| Supplied material |
◆ ◆ ◆ ◆

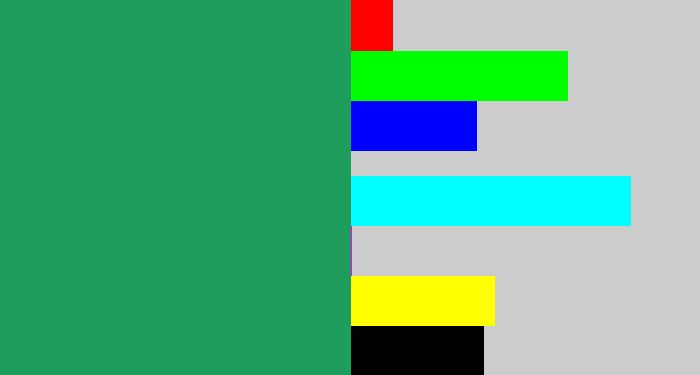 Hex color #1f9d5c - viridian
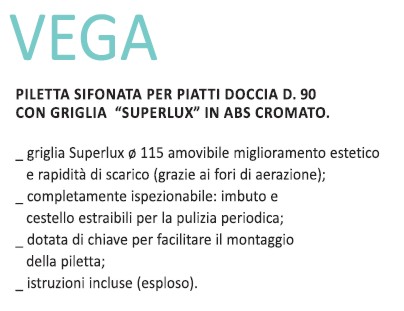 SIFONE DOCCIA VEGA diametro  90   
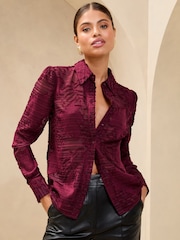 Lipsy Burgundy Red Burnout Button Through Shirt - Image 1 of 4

◆ ◆ ◆ ◆

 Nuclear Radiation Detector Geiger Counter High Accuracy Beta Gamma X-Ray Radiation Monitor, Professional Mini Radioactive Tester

◆ ◆ ◆ ◆

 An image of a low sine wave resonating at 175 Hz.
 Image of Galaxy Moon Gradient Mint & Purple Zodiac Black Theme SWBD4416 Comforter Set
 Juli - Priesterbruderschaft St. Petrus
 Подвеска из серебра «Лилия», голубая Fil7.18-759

◆ ◆ ◆ ◆

| Assignment |
Please write out, exactly as they appear above, only the lines in the stretch from the line with "An image of" through the line with "Подвеска из серебра".

| Answer box |
 An image of a low sine wave resonating at 175 Hz.
 Image of Galaxy Moon Gradient Mint & Purple Zodiac Black Theme SWBD4416 Comforter Set
 Juli - Priesterbruderschaft St. Petrus
 Подвеска из серебра «Лилия», голубая Fil7.18-759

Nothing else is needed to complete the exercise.